Try it: From the records below, print only the part that opens with the line containing "Used 2022 Chevrolet" and closes with the line containing "Designed specifically for"; omit the pictures.

Records for the task:
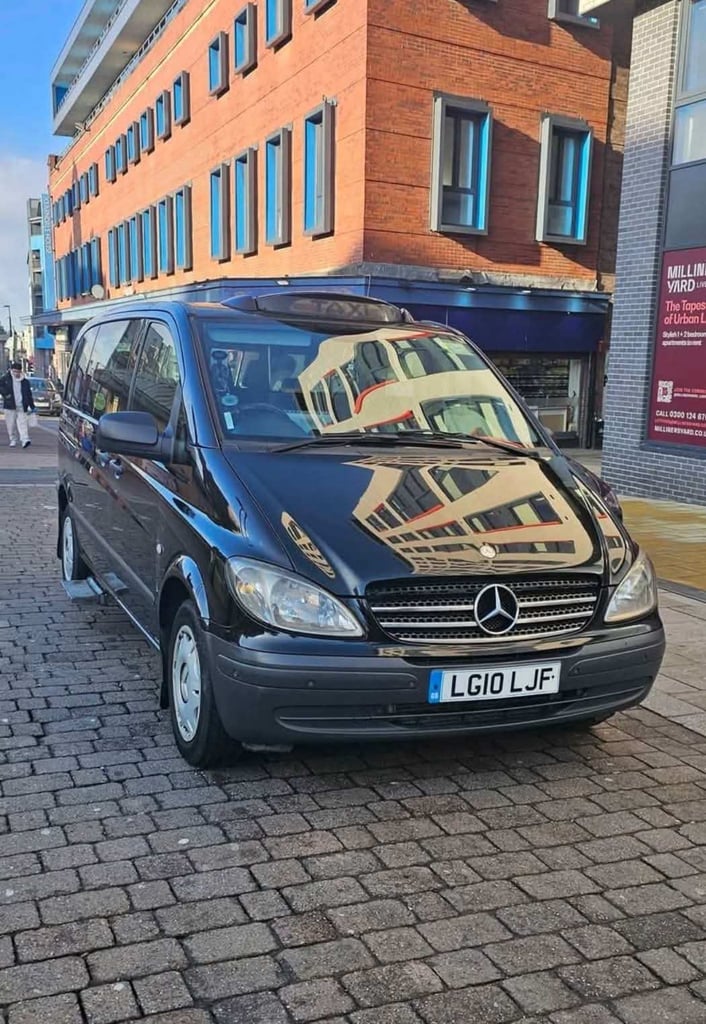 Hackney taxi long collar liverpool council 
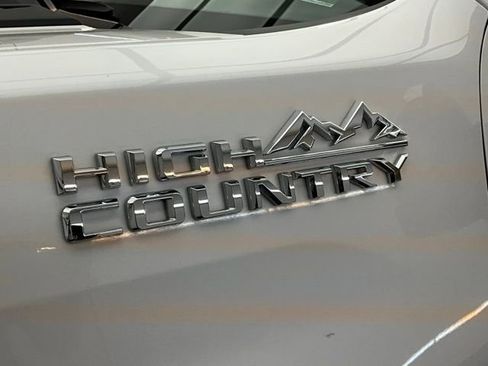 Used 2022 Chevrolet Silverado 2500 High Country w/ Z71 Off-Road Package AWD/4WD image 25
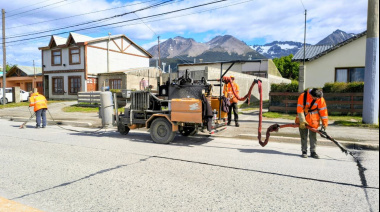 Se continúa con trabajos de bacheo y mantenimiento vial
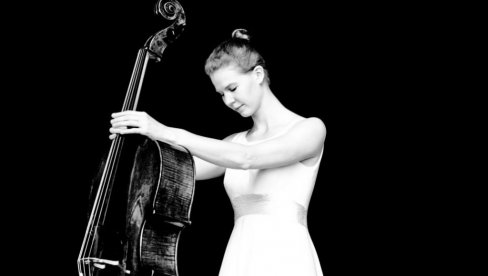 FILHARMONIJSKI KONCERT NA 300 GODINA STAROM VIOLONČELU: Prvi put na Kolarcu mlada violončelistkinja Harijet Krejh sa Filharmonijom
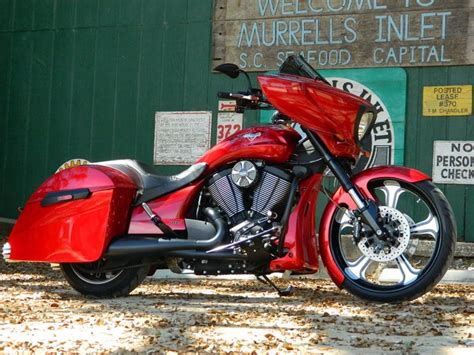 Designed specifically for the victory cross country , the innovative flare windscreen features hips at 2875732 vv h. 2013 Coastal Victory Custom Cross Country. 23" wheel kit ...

* * *

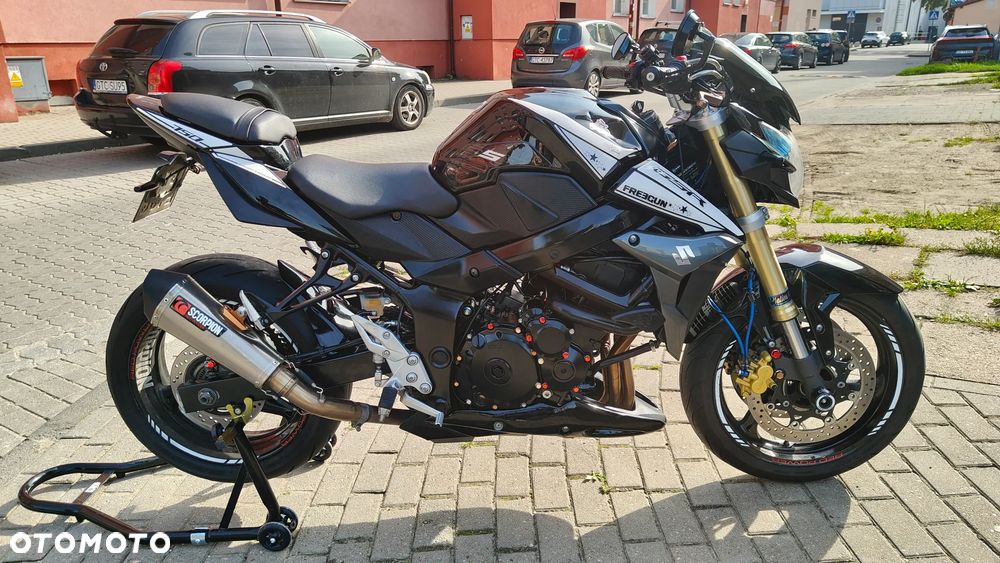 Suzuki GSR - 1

Answer to this exercise:
 Used 2022 Chevrolet Silverado 2500 High Country w/ Z71 Off-Road Package AWD/4WD image 25
 Se continúa con trabajos de bacheo y mantenimiento vial
 FILHARMONIJSKI KONCERT NA 300 GODINA STAROM VIOLONČELU: Prvi put na Kolarcu mlada violončelistkinja Harijet Krejh sa Filharmonijom
 Designed specifically for the victory cross country , the innovative flare windscreen features hips at 2875732 vv h. 2013 Coastal Victory Custom Cross Country. 23" wheel kit ...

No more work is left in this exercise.